The Post Office investment schemes are considered to be among the most appealing investment options available.
They are particularly attractive to investors who seek high returns with a low or non-existent risk of losing their invested funds.
If you are seeking a profitable investment but cannot afford to lose any of your hard-earned money, the Post Office investment scheme is designed specifically for investors like you.
Let’s See How You Can Earn Small and Earn Big With Post Office Investment Scheme
Traditionally, individuals have tended to favor bank Fixed Deposits (FDs) and Recurring Deposits (RDs) as their preferred investment options.
However, with the introduction of daily investment schemes like Recurring Deposits by the Post Office, these traditional options have taken a backseat and are now considered less attractive alternatives.
Opening an RD account with the Post Office is a simple and hassle-free process, as it is available to anyone aged 10 years or older.
The scheme requires a minimum monthly deposit of ₹100, which can be increased in multiples of ₹10 each month.
The investment scheme offers an attractive interest rate of 5.8%, which is revised by the Government on a quarterly basis.

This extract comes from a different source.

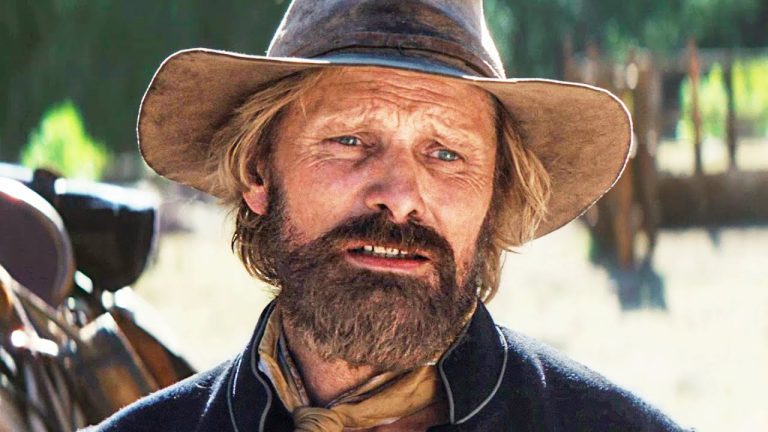 Viggo Mortensen revient en force avec le western romantique « Jusqu’au bout du monde »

One significant advantage of investing in Post Office RDs is the ability to make daily deposits of small amounts, which can accumulate into a substantial sum of money upon maturity.

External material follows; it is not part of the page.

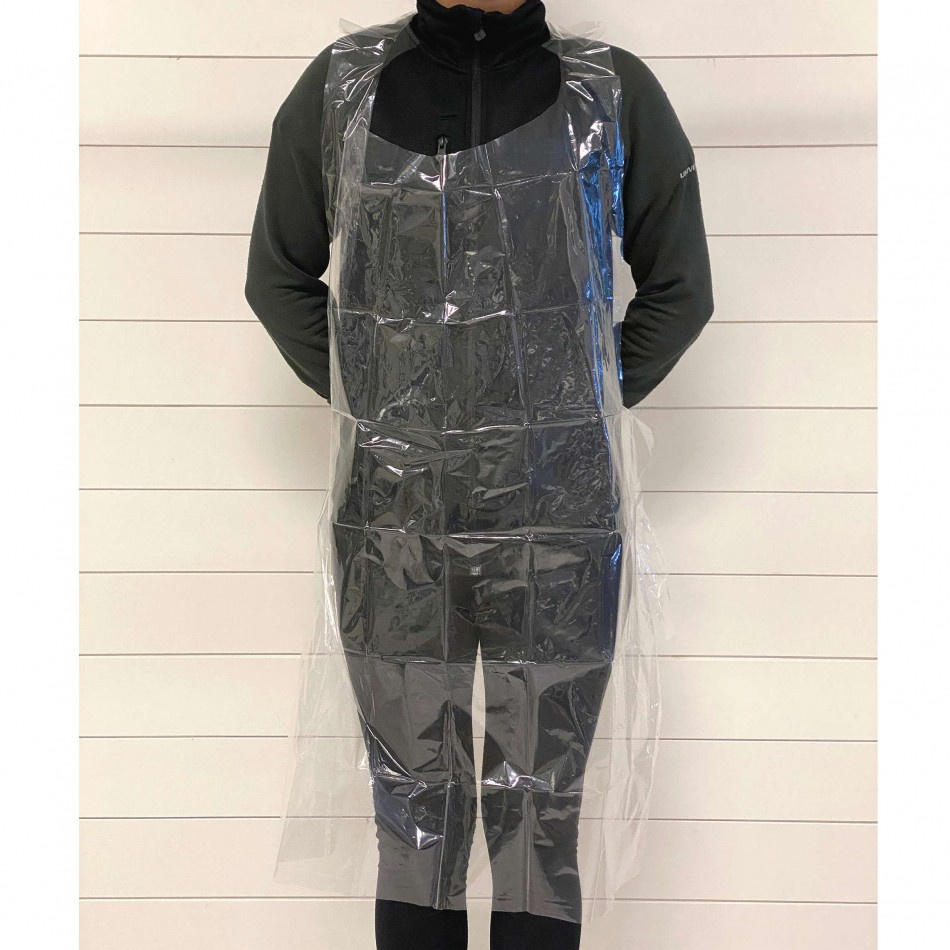 Förkläde till examen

This sum would consist of the initial investment amount as well as the interest accrued over the investment period.
As per DNA India, the Post Office RD account reaches maturity after 60 months or five years from the opening date, whichever comes first.
After the first year, depositors are allowed to withdraw up to 50% of their deposited amount.
Additionally, they can avail of a loan of up to 50% of their deposited funds after the account has been open for one year.
According to the source, at the current interest rate of 5.8%, an investor can earn returns of nearly Rs. 16 lakhs by investing Rs. 10,000 per month or about Rs. 333 per day.
With a total deposit of Rs. 12 lakhs over ten years, and an anticipated return of Rs. 4.26 lakhs, the total return would be Rs. 16.26 lakhs.
The compound interest is calculated every three months, ensuring investors receive regular returns.